Reproduce only the lines below from the line containing "To change the" to the line containing "Dear Weaver, in", exactly as written, with both end lines kept. Omit the pictures.

─── THE DATA

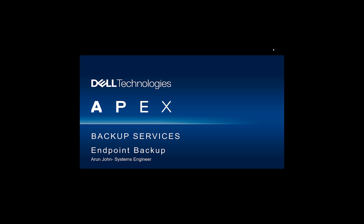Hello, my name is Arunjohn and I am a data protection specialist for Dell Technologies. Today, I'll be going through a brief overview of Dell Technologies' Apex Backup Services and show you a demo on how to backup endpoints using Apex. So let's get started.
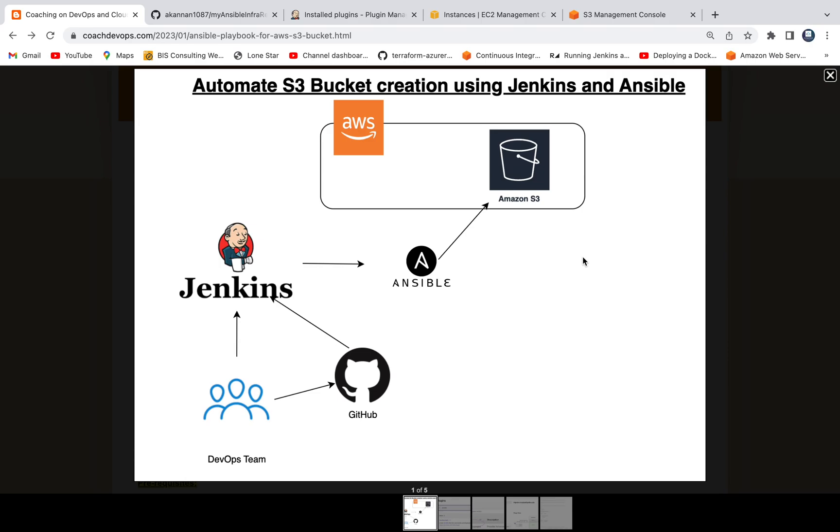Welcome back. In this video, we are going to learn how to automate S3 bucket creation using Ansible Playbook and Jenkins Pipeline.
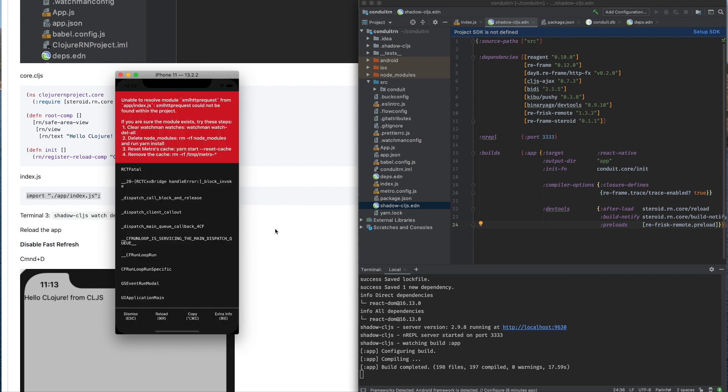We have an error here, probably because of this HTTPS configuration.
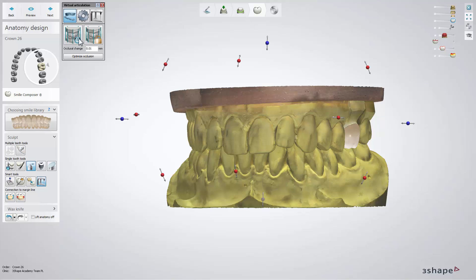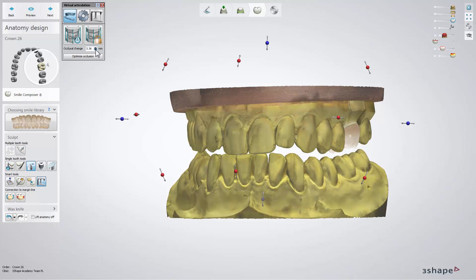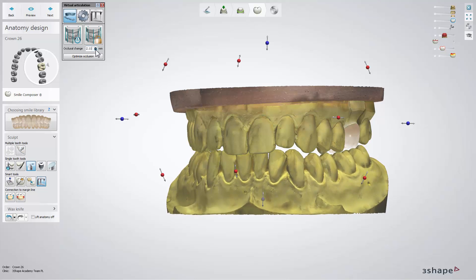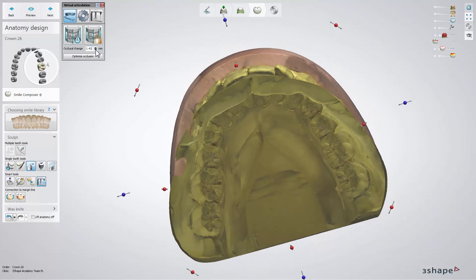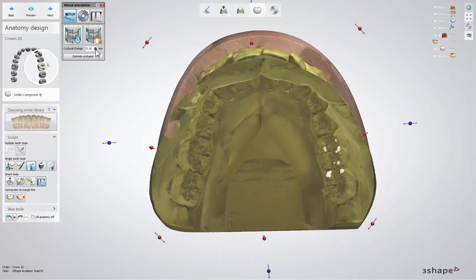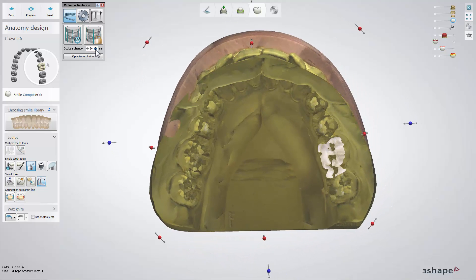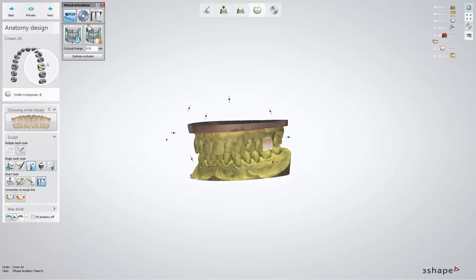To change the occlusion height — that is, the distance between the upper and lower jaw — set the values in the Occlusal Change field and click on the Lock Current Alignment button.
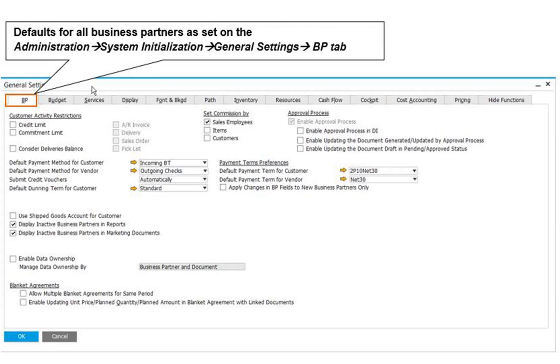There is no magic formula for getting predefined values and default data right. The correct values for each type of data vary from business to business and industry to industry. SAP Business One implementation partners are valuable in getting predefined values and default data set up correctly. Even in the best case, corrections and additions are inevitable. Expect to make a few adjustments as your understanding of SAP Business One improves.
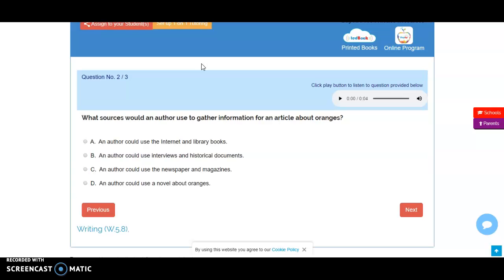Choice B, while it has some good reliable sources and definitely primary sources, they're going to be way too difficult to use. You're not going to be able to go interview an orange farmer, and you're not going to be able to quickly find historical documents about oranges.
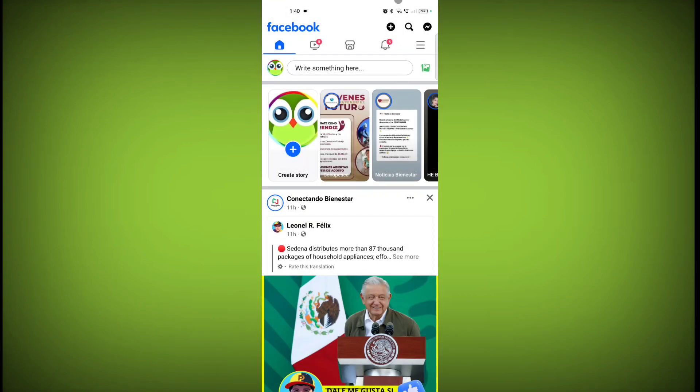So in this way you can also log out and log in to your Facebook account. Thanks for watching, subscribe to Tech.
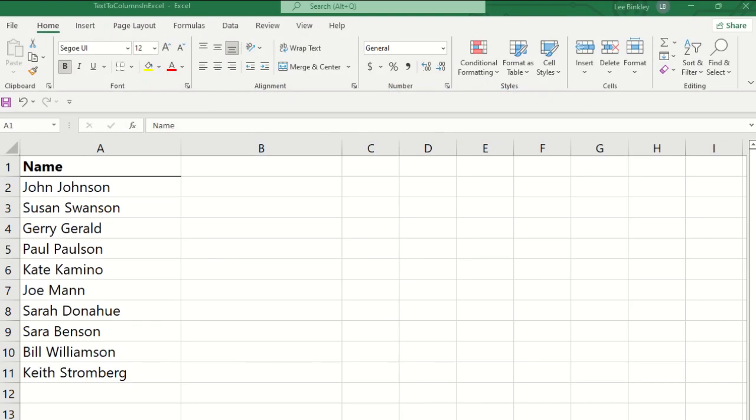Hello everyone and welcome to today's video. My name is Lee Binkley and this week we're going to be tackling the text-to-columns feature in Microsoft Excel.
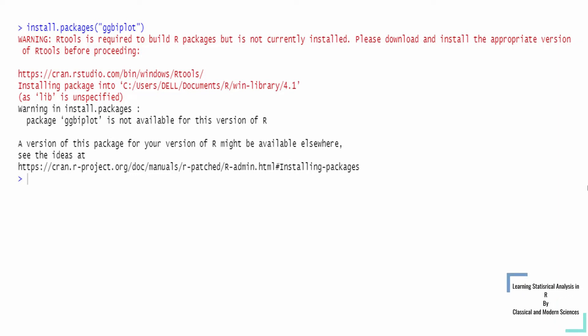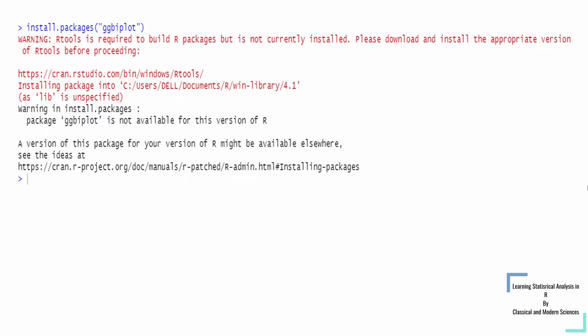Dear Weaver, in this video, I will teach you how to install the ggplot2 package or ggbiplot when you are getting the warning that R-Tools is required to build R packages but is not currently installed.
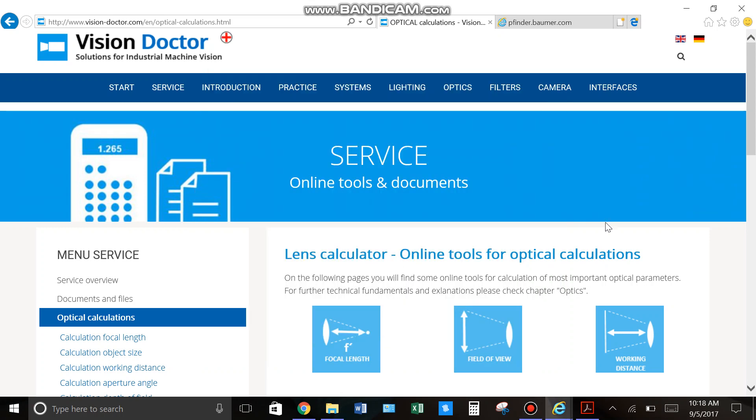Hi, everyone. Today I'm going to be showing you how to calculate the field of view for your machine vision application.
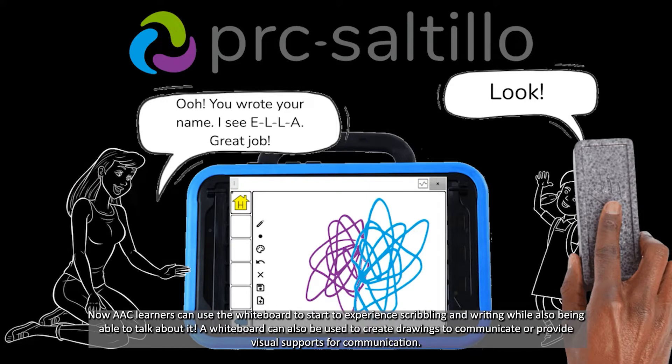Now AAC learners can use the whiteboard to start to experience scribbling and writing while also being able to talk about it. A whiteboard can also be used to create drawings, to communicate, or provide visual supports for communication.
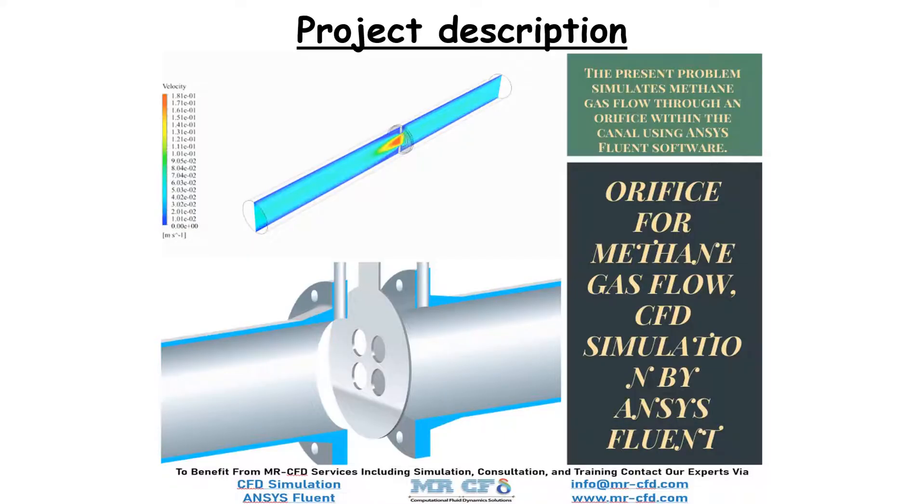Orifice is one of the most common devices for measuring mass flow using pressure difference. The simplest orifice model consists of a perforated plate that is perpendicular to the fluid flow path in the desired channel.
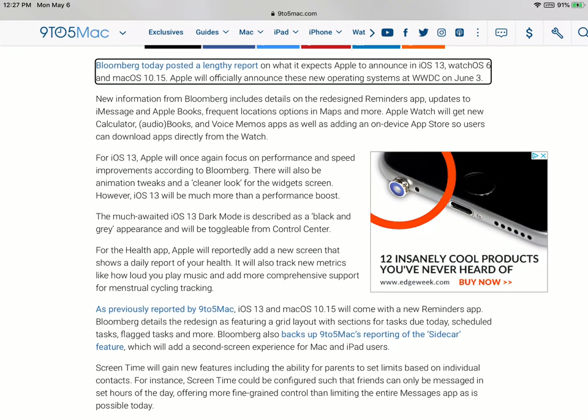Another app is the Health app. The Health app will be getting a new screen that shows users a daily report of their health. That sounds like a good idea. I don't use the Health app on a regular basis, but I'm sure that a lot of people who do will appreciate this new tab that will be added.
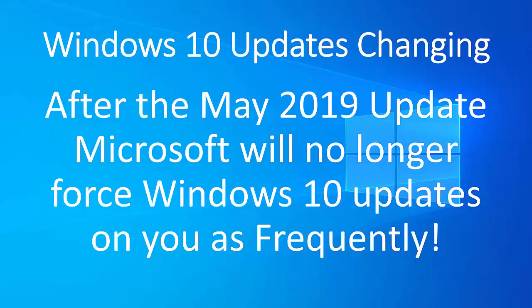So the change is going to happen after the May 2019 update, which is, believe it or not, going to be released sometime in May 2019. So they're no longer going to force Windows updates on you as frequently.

──────

**ANSWER BELOW**
To change the occlusion height — that is, the distance between the upper and lower jaw — set the values in the Occlusal Change field and click on the Lock Current Alignment button.
There is no magic formula for getting predefined values and default data right. The correct values for each type of data vary from business to business and industry to industry. SAP Business One implementation partners are valuable in getting predefined values and default data set up correctly. Even in the best case, corrections and additions are inevitable. Expect to make a few adjustments as your understanding of SAP Business One improves.
Choice B, while it has some good reliable sources and definitely primary sources, they're going to be way too difficult to use. You're not going to be able to go interview an orange farmer, and you're not going to be able to quickly find historical documents about oranges.
So in this way you can also log out and log in to your Facebook account. Thanks for watching, subscribe to Tech.
Hello everyone and welcome to today's video. My name is Lee Binkley and this week we're going to be tackling the text-to-columns feature in Microsoft Excel.
Dear Weaver, in this video, I will teach you how to install the ggplot2 package or ggbiplot when you are getting the warning that R-Tools is required to build R packages but is not currently installed.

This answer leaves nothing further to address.